Bu sözler bana ait değil. Bu sözler Koç Holding’in Yönetim Kurulu Üyesi Ali Koç’a ait ifadeler. Ancak bu sözlerin sahipleri, iş arayan milyonlarca insana yenilerini eklediler. Neden? Anayasal haklarını kullanıp sendikalı oldukları için? Bu sözlerin sahibine ait fabrikada, 10 yıllık işçiler bile açlık sınırının altında ücretlerle çalıştırılıyor. Çocuğunu emzirmek zorunda olduğunu söyleyen kadın işçiler bile zorla fazla mesaiye bırakılıyor. Engelli işçiler çalışmamaları gereken zor işlerde çalıştırılıyor. Bunlar “kabul edilemez şartlar” değil midir?
Ali Koç aynı konuşmasında 6 ve 8 yaşındaki çocuklarının geleceklerinden endişeli olduğunu söylüyor. Peki buradaki işçi arkadaşlarımızın çocuklarına bir ekmek daha fazla götürme, bir şişe süt daha fazla alma, onlarla daha fazla vakit geçirme taleplerine neden şaşı bakılıyor.
Burada işsiz bırakılan arkadaşlarımızın okula giden çocukları var. Alınması gereken defteri var, kitabı var. Bu soğuk havalarda ısınması gereken evleri var. Arkadaşlarımızın tütmesi gereken bacaları, yanması gereken ocakları var! Anneleri, babaları Anayasa’da yazan bir hakkı kullandı diye bu çocukların geleceği ile oynayanlara sesleniyorum: Endişe ettiğiniz toplumsal gerginlikleri siz yaratıyorsunuz!
Değerli basın emekçileri
Sevgili işçi kardeşlerim, mücadele arkadaşlarım,
Türkiye’de sendikal hak ve özgürlükler, hem yasal düzenlemeler aracılığıyla, hem de uygulamada ağır bir biçimde ihlal ediliyor. Her yıl on binlerce işçi, kendi özgür iradeleriyle bir sendikaya üye olmak istediği için işten atılıyor. Sendikal haklarını kullanan işçiler baskı, tehdit ve hatta şiddet ile karşı karşıya kalıyor. Bugün Türkiye’nin dört bir yanında DİSK’e bağlı sendikaların direniş çadırlarında bu Anayasal hak için mücadele veriliyor.
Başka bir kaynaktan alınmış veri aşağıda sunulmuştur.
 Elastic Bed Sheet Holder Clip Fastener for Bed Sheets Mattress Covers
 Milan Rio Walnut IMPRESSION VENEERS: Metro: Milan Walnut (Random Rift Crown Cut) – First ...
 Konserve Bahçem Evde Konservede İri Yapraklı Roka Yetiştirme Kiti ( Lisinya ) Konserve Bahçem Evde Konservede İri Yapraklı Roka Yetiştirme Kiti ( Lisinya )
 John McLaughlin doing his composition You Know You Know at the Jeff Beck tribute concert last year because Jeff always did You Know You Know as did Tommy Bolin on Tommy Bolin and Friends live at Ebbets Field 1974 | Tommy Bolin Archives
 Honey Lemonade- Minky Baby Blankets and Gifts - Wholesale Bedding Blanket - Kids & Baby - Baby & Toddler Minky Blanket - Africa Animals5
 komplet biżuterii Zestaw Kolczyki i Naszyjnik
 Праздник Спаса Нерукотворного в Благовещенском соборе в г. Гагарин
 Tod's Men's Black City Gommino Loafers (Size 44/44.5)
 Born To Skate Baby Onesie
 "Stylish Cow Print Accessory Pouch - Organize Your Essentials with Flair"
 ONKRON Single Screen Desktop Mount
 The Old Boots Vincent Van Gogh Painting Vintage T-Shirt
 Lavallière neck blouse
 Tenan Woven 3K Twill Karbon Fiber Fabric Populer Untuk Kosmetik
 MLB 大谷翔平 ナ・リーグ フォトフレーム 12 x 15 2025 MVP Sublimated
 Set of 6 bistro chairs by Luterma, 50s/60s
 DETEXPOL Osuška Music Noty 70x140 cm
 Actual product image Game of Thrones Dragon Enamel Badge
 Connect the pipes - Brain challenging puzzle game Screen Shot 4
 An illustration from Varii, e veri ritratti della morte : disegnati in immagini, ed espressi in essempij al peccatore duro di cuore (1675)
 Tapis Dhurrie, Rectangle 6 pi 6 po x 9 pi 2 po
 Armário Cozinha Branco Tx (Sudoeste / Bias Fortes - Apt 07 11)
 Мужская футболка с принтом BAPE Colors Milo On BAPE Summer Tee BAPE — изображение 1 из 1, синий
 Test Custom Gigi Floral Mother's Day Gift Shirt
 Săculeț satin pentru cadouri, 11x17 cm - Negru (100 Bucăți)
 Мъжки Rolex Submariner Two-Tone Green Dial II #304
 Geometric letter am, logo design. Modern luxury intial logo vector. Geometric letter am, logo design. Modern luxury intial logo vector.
Bugün Türkiye’de her yüz işçiden sadece 5’i toplu sözleşme hakkından faydalanıyor. Parası olan işverene Anayasa’yı, yasaları çiğneme hakkı veriliyor. Sendikal hak ve özgürlükler ayaklar altına alınıyor.
Ancak Türkiye’nin dört bir yanında da DİSK’li işçiler bu tehditlere, bu hukuksuzluğa pabuç bırakmıyor. Onurlu Divan işçileri gibi direnerek haklarına sahip çıkıyor.
Onuruyla direnen, adalet isteyen, haksızlık karşısında eğilmeyen bu arkadaşlarımız işbaşı yapana kadar, onlarla kol kola omuz omuza mücadeleye devam edeceğiz. Bedeli ne olursa olsun bu onur mücadelesinin sonuna kadar yanında olacağız.
Divan işçisi yalnız değildir!
Atılan işçiler geri alınsın!
Zafer direnen emekçinin olacak!
Yaşasın işçi sınıfının birlik, mücadele ve dayanışması!